Los pampas eran una generalidad que estaba dividida en un enjambre de comunidades. Los ranqueles y los cohuenches habitaban el seno de la región, en el ya referido Mamil Mapu, lugar de bosques y serranías, y compartían la primacía con los muluches. Estos moraban en el sur y en el este, y tenían por jefe al Gran Cacique Calfucurá, cuyo liderazgo superaba a su pueblo para tener influencia en los otros clanes.
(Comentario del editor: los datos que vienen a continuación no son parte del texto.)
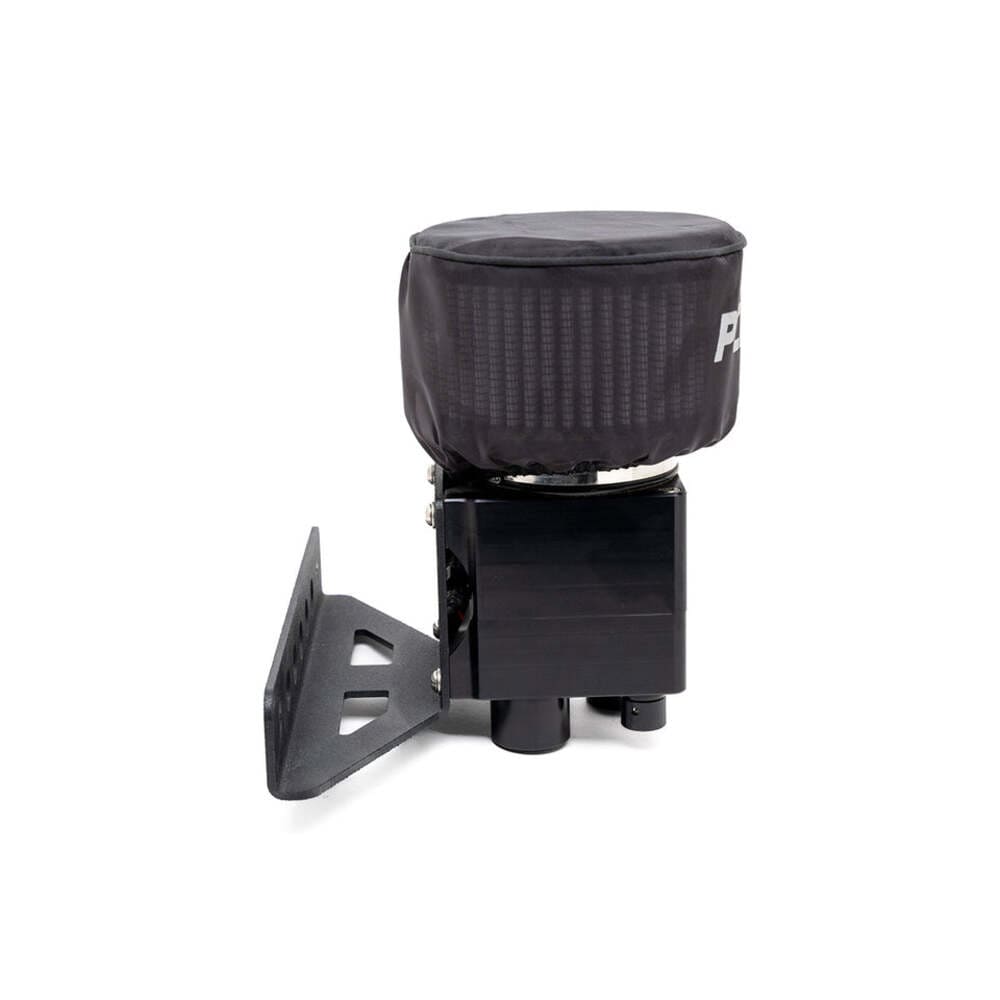 PCI Race Radios Race Air Boost Quad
En el oriente estaban los restos del pueblo borogano que Calfucurá había prácticamente destruido, y los sobrevivientes de los antiguos gününa këna. Ambos grupos, los primeros por el daño causado por el cacique y los segundos por la influencia de los mapuches, estaban en decadencia. Calfucurá pensaba que la supervivencia de los habitantes de Tierra Adentro dependía de la unidad de todas las tribus en torno de un líder que encarase la guerra contra el huinka, el enemigo común.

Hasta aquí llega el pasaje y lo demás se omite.